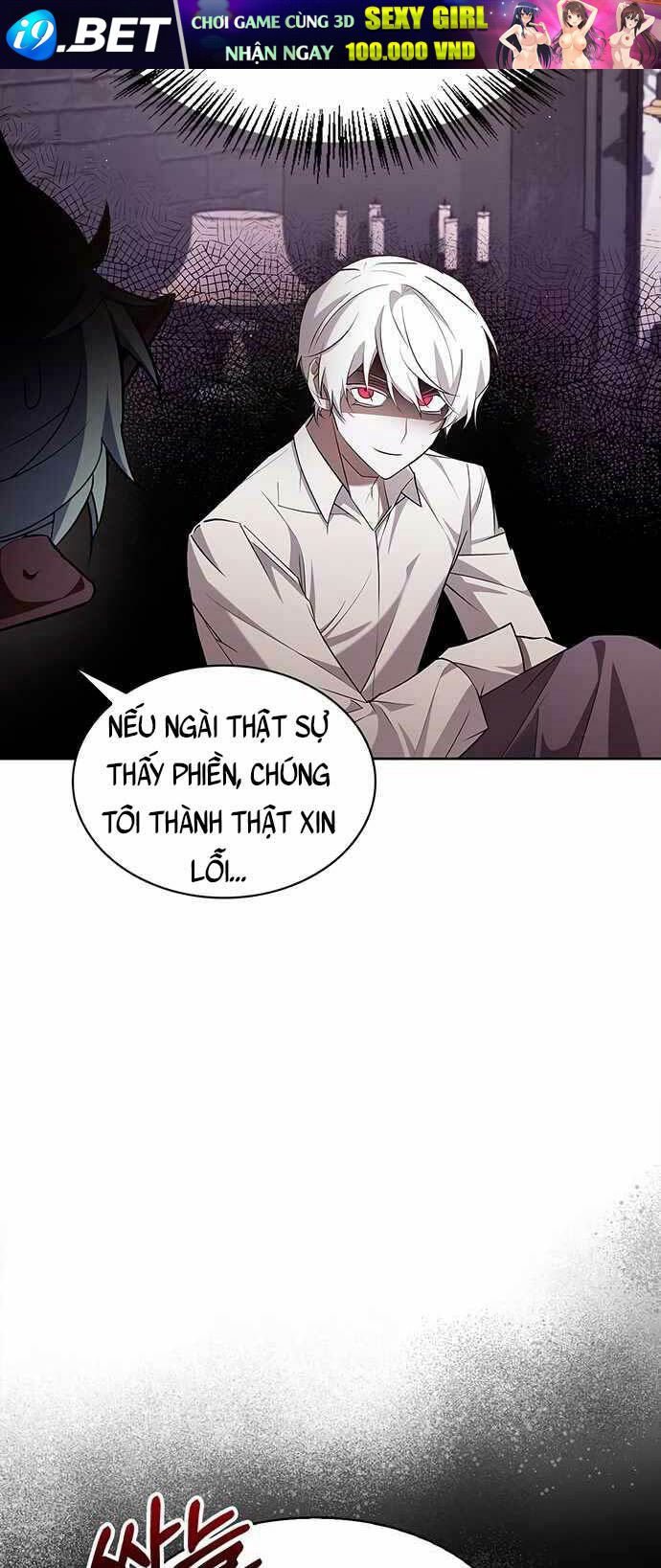 Tôi Không Tài Năng Đến Thế Đâu - Chapter 4 - Page 52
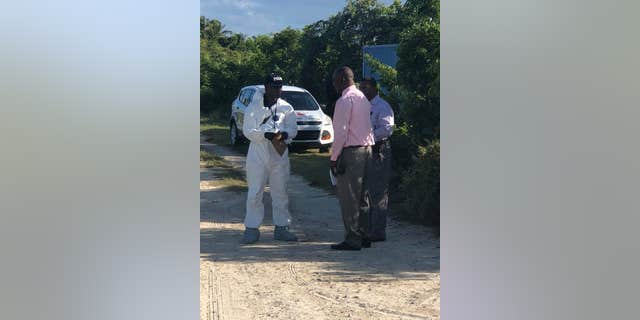 Kuhnla's body was discovered on Oct. 16.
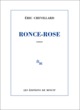 RONCE-ROSE (9782707343161-front-cover)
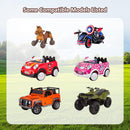 Kid Trax Beetle 12V Battery Charger for Small Blue Socket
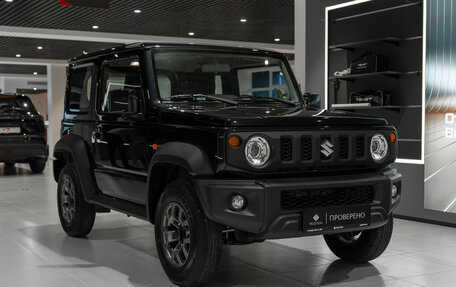 Suzuki Jimny, 2025 год, 3 610 000 рублей, 2 фотография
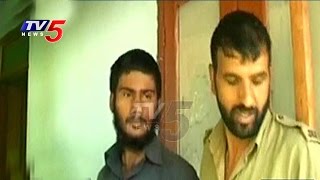 Lashkar-e-Taiba Commander Abu Ukasha Arrested in Kupwara | Jammu & Kashmir | TV5 News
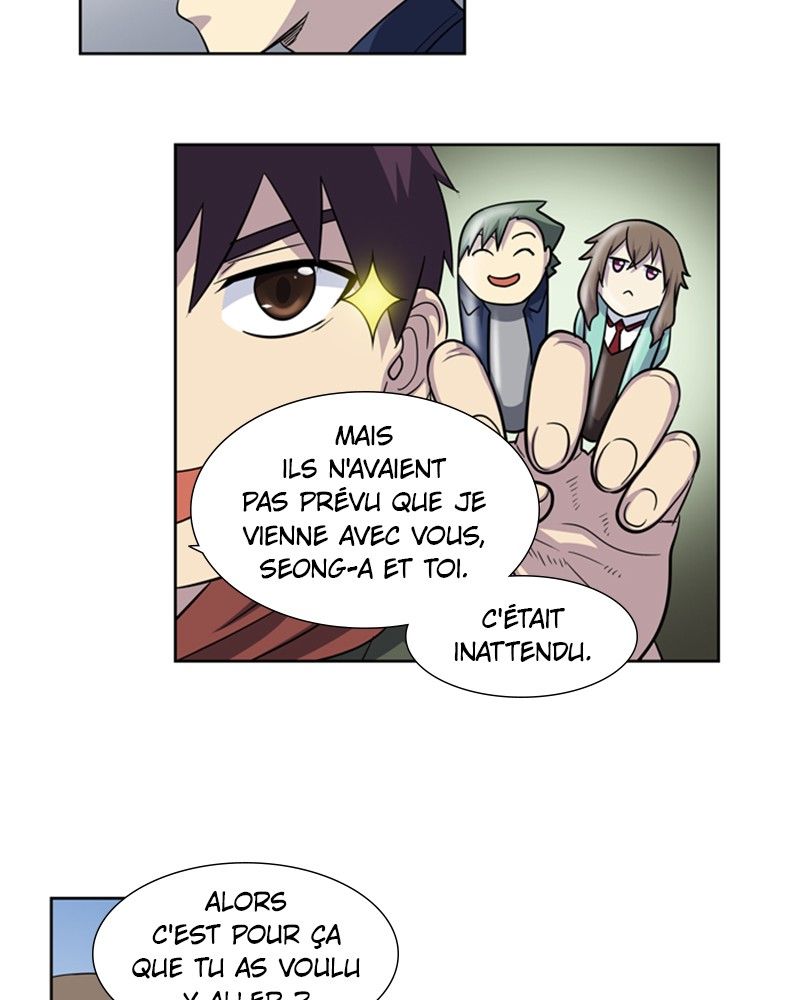 Read The Gamer FR Manga Online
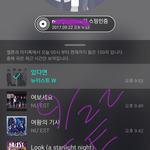 [뉴이스트] 해외팬들도 예판많이<b>사고</b>있대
****************************************
◆ Work task
From the line that contains "RONCE-ROSE (9782707343161-front-cover)" to the final line of the material, write out each line exactly. Pictures stay out.

◆ Finished task
 RONCE-ROSE (9782707343161-front-cover)
 Kid Trax Beetle 12V Battery Charger for Small Blue Socket
 Suzuki Jimny, 2025 год, 3 610 000 рублей, 2 фотография
 Lashkar-e-Taiba Commander Abu Ukasha Arrested in Kupwara | Jammu & Kashmir | TV5 News
 Read The Gamer FR Manga Online
 [뉴이스트] 해외팬들도 예판많이<b>사고</b>있대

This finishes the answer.